By |2019-03-07T13:30:28+00:00March 7th, 2019|Comments Off on Managing the Unmanned Aerial System

Managing the Unmanned Aerial System

As more unmanned aerial systems (UAS) become available to first responders, the question remains of how they will be incorporated into the frameworks of the National Incident Management System (NIMS) and Incident Command System (ICS), says Rob Carter, director of Emergency Management and Strategic Services for the Cabezon Group, in a recent article in Homeland Security Today.

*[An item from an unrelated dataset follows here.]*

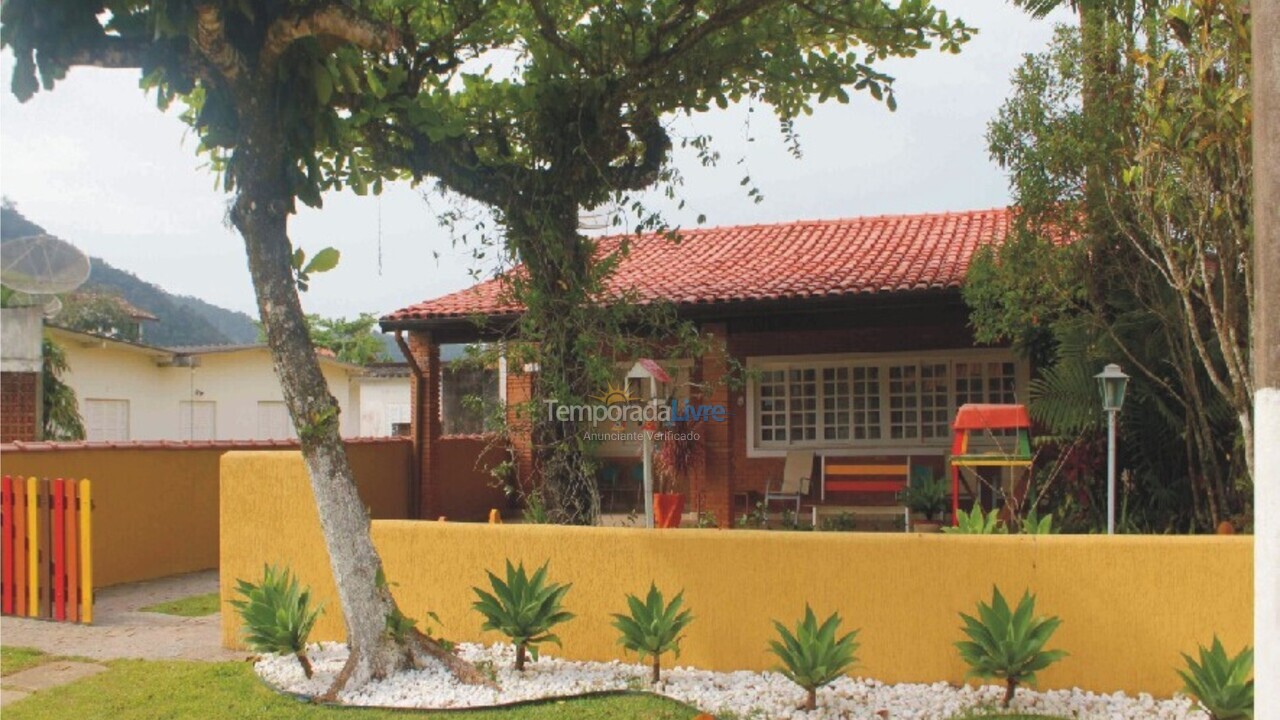 Casa para aluguel de temporada em Ubatuba (Lagoinha)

Carter takes a look at the advantages to the various types and sizes of UAS platforms compared to helicopter and other fixed wing technologies and concludes that “compared to conventional helicopter and fixed wing assets, UAS can provide immediate, low-cost situational awareness to Incident Commands (ICs), Multiagency Coordination (MAC) Systems, Emergency Operations Centers (EOCs) and various responder departments, agencies and organizations during ‘all-hazards’ incidents or planned special events of any type, size or complexity.” 

Incorporating the use of UAS into NIMS would help inform on the ground emergency management teams and help manage response and coordination resources, writes Carter.

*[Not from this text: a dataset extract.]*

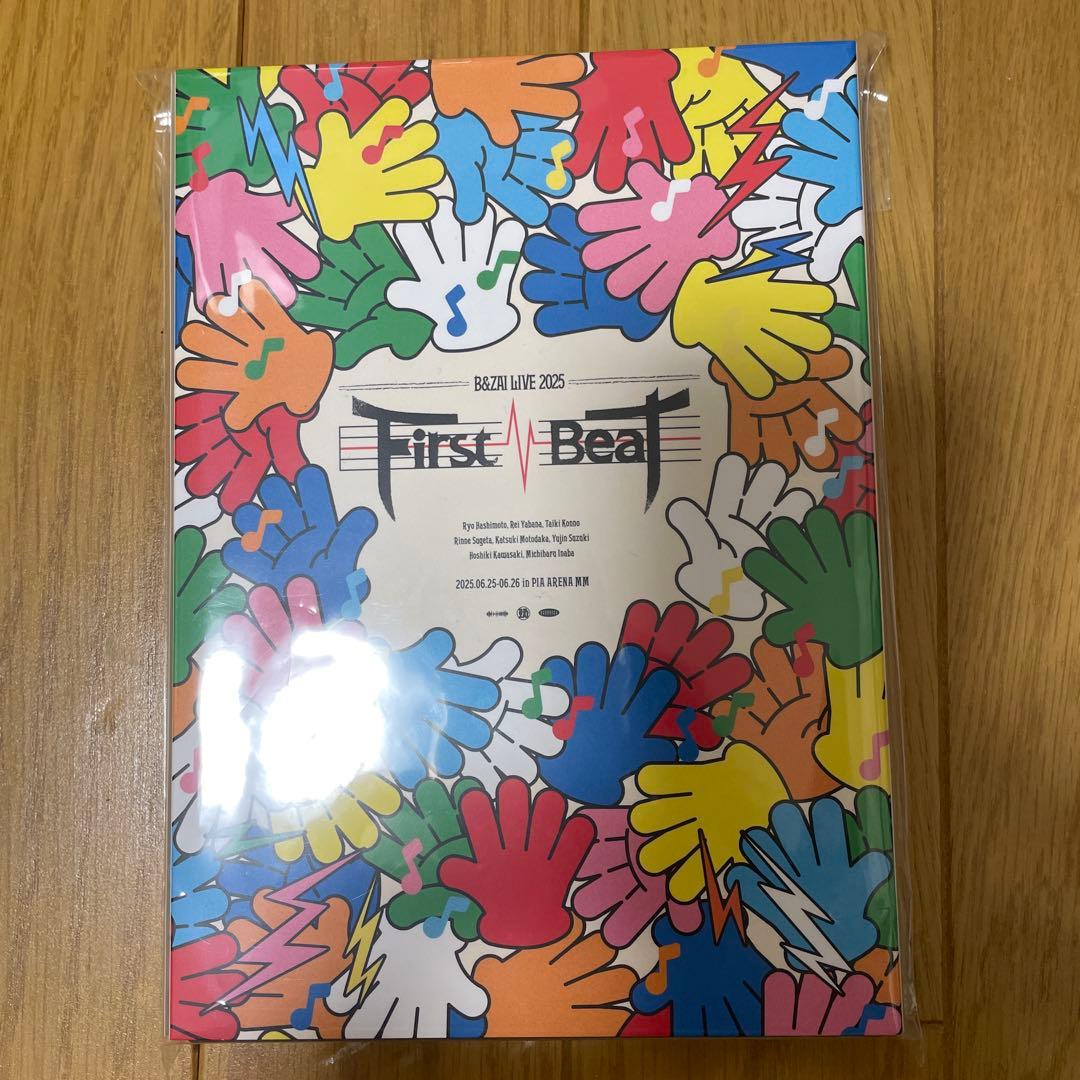ミュージック BAZAR LIVE 2025 First Beat DVD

Real-time data from UAS sensors (some of which can be deployed near ground level or up to several hundred feet in active or passive formats) allows multiple people to have access to critical information during an incident managed under ICS, says Carter. It also provides measurable information for future forecasting or training.

Carter theorizes that UAS information and assets would be managed and supported by an air operations branch in the case of larger incidents and smaller localized incidents would be served by situation units. “FEMA may even choose to officially institute the use of an ‘Intelligence Section’ attached somewhere within the incident commander’s command and/or general staff positions, and have it involved in coordinating the use of UAS assets and the resulting information flow. Doctrinally, it will be up to the national responder community to collectively determine the size and complexity threshold of incidents requiring the establishment of an actual air operations branch, as well as transitional issues such as how to establish control and safely coordinate all types of air assets (strategic vs tactical) within the incident’s air space,” writes Carter.

Carter predicts that in the future, there will be a need for more credentialing and operator standards, with a need for real time and post-mortem mission training and analysis.

In terms of a formalized structural change in the ICS and NIMS in terms of UAS technology, Carter sees this happening when the responder community starts using these systems more frequently, when more first responders are trained and certified, and when “UAS assets are formally ‘resource typed’ and accepted into the response framework.”

He pinpoints damage assessment, hazmat response, fire operations, search and rescue, transportation infrastructure, disaster planning and response, disaster relief, environmental and agricultural analysis, public health crises and security and surveillance as some of the areas that could benefit from the use of UAS technology.